Hernandez, de 83 anos, fez sua entrevista de emprego na Earl Hays há 53 anos, e nunca mais foi embora. O negócio agora pertence à sua família, no qual filho e neto executam operações diárias.
Empresa centenária
Earl Hays, já falecido, foi quem fundou e deu nome à empresa em 1915. Ele começou o negócio como uma gráfica numa pequena loja em Hollywood. Ávido viajante, Hays desenhava as placas de veículos de cada país que visitasse.
Esse hábito deu a ideia inicial do negócio quando Hays voltou aos Estados Unidos. E a gráfica recebia tanta encomenda de filmes que ele decidiu se especializar.
E como funciona?
Geralmente, a escolha do material falso necessário para uma produção é listada quando o responsável do departamento de arte lê o roteiro. Com a lista em mãos, os clientes tem a opção de escolher material do estoque ou encomendar algo novo.
"Mas aí o roteiro acaba sendo reescrito, e sets de filmagem que foram construídos acabam nem sendo usados", diz Hernandez.
Depois de passarmos por uma parede com cartazes de pessoas procuradas e pôsteres de teatro do século 19, chegamos ao showroom do andar de cima.
Ali, há prateleiras com latas de refrigerante falsas, cigarros Morley (inventado para a série Arquivo X) e inúmeras amostras coloridas de comida. Gavetas etiquetadas guardam uma incrível variedade de tudo o que é impresso.
Hernandez folheia os jornais e mostra que alguns têm apenas a primeira e a última página, enquanto que outros até tem as páginas internas, mas geralmente repetidas.
E lembra o trabalho intenso que a empresa teve para produzir uma sequência de primeiras páginas de jornal para O Poderoso Chefão.

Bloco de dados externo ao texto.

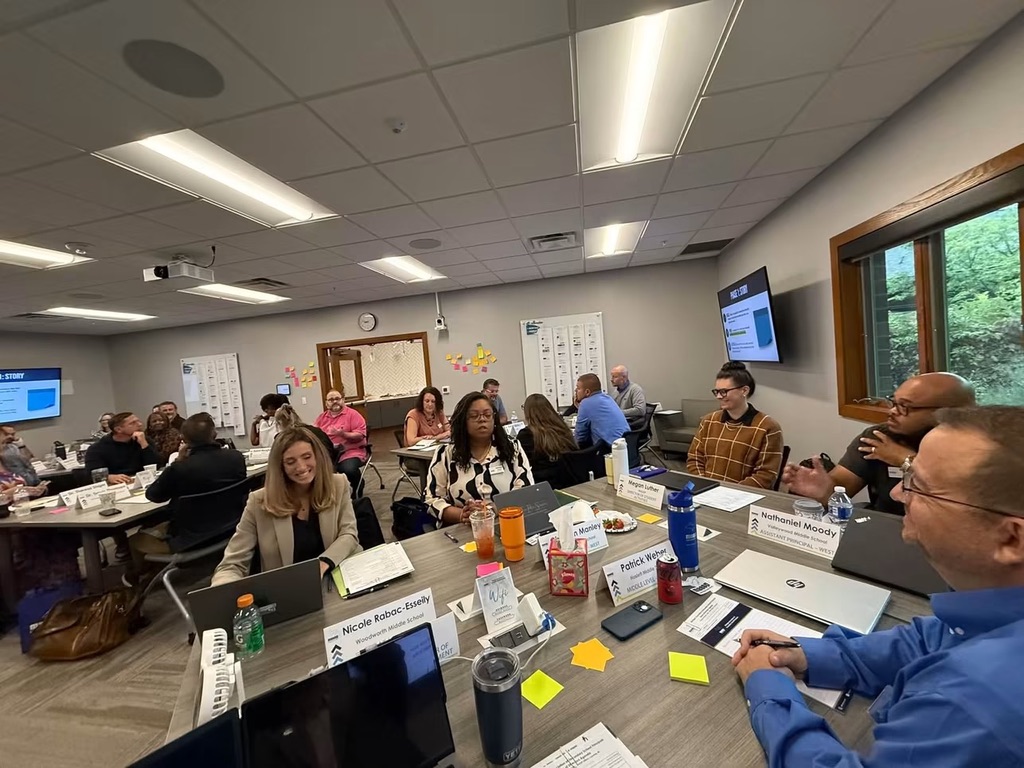 Wide angle shot of a roomful of MASSP board members and staff sitting at tables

"Por poucos mil dólares, vários anos foram cobertos. E a audiência soube o que tinha acontecido e onde eles estavam quando viram Michael (Al Pacino) na Sicília".
Atenção aos detalhes
A Earl Hays não é apenas uma empresa de design e impressão, é também um museu e arquivo não oficial. Segundo Hernandez, isso lhes dá uma vantagem. Eles têm alguns competidores, mas a Earl Hays é a mais antiga e conhecida.
"Todo moleque com um computador pode ser nosso inimigo", diz Hernandez.

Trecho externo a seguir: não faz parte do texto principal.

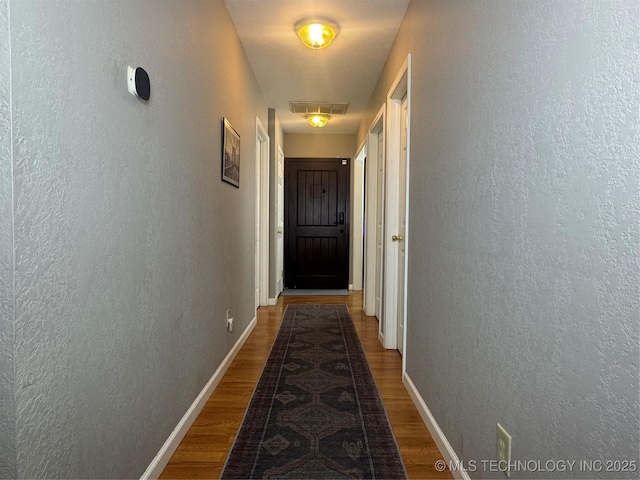2836 E Admiral Blvd, Tulsa, OK 74110 - hallway featuring a textured wall, baseboards, and wood finished floors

Mas a diferença é que a Earl Hays se preocupa com os detalhes.
"Diretores e produtores querem precisão em seus filmes. Seus principais críticos não são seus fãs, são outros diretores e produtores. É uma coisa de ego!", ele ri.
Muitas empresas de design e gráficas podem teoricamente fazer o que a Earl Hays faz. Mas eles provavelmente não conseguiriam o realismo da produção com tanta rapidez. A Earl Hays já tem praticamente tudo à mão.

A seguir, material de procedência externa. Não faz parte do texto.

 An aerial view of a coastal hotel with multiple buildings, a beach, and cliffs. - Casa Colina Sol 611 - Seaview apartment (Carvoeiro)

Movendo-se para a cozinha, Hernandez me mostra uma parede coberta com selos e placas da Presidência dos EUA, do FBI, do Departamento de Segurança Interna, da Polícia e de outras agências.
Embora seja uma mina de outro de histórias da indústria do entretenimento, Hernandez não costuma dar entrevistas. Isso porque alguns de seus produtos podem ser mal utilizados se caírem nas mãos erradas.
Notas fugidas
Um diretor uma vez encomendeu notas de dólares para uma cena de pôquer no filme A Mesa do Diabo (1965), com o ator Steve McQueen.
"As chapas das notas tiveram autorização do Serviço Secreto", conta Hernandez.
Depois do filme, as notas começaram a aparecer em diferentes locais do mundo, embora o número de série fosse um só e as chapas tivessem sido assinadas pelo artista da casa, não pelo Tesouro americano.
O Serviço Secreto insistiu que o dinheiro e as chapas fossem queimados no quintal do prédio, enquanto supervisionava o processo.
"Eles levaram até as cinzas", contou o neto de Hernandez, Keith.
A Earl Hays ainda tem várias impressoras antigas, que raramente são usadas. Mas vira e mexe surgem encomendas que exigem técnicas ou equipamentos antigos, como fontes de um período específico, xilogravuras, chapas, corantes e prensas pesadas.
Por isso, Hernandez quer manter as coisas como estão, mesmo percebendo que os avanços tecnológicos vão acabar chegando à Earl Hays.
"Consigo imaginar que um dia fechemos as portas", ele diz. "Mas sentirão nossa falta quando formos embora".